Work instruction:
Your reply should reproduce all the data below exactly while excluding the pictures.

Given material:
□ □ □ □
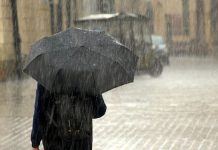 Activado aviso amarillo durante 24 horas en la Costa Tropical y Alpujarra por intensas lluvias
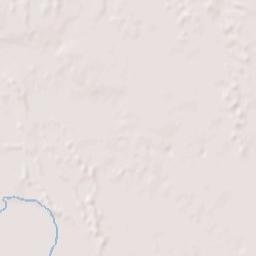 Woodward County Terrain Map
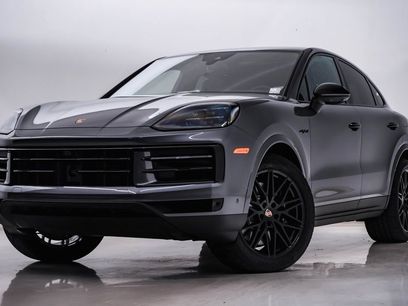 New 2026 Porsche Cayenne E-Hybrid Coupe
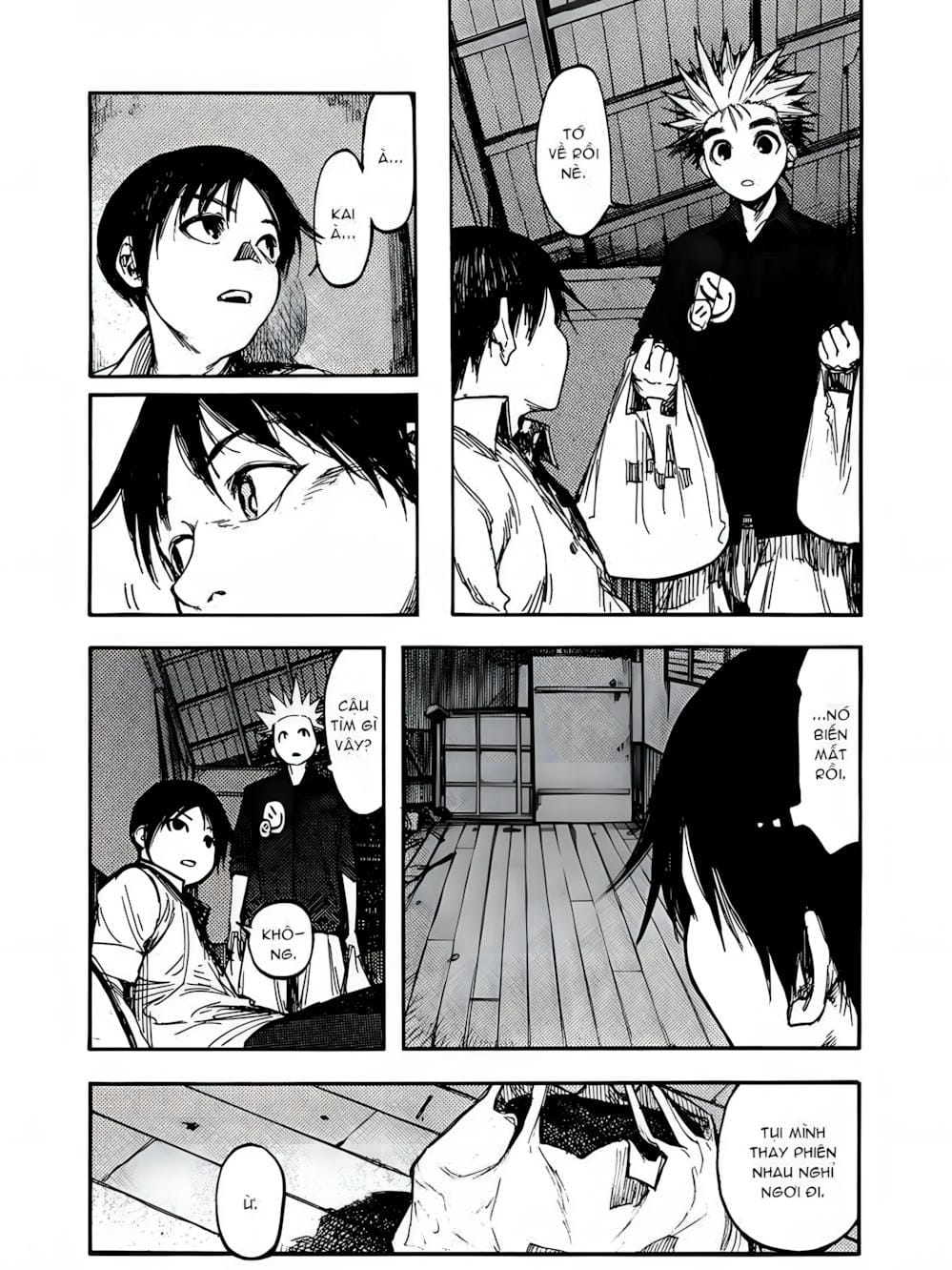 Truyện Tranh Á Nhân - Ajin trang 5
□ □ □ □
Solution below:
 Activado aviso amarillo durante 24 horas en la Costa Tropical y Alpujarra por intensas lluvias
 Woodward County Terrain Map
 New 2026 Porsche Cayenne E-Hybrid Coupe
 Truyện Tranh Á Nhân - Ajin trang 5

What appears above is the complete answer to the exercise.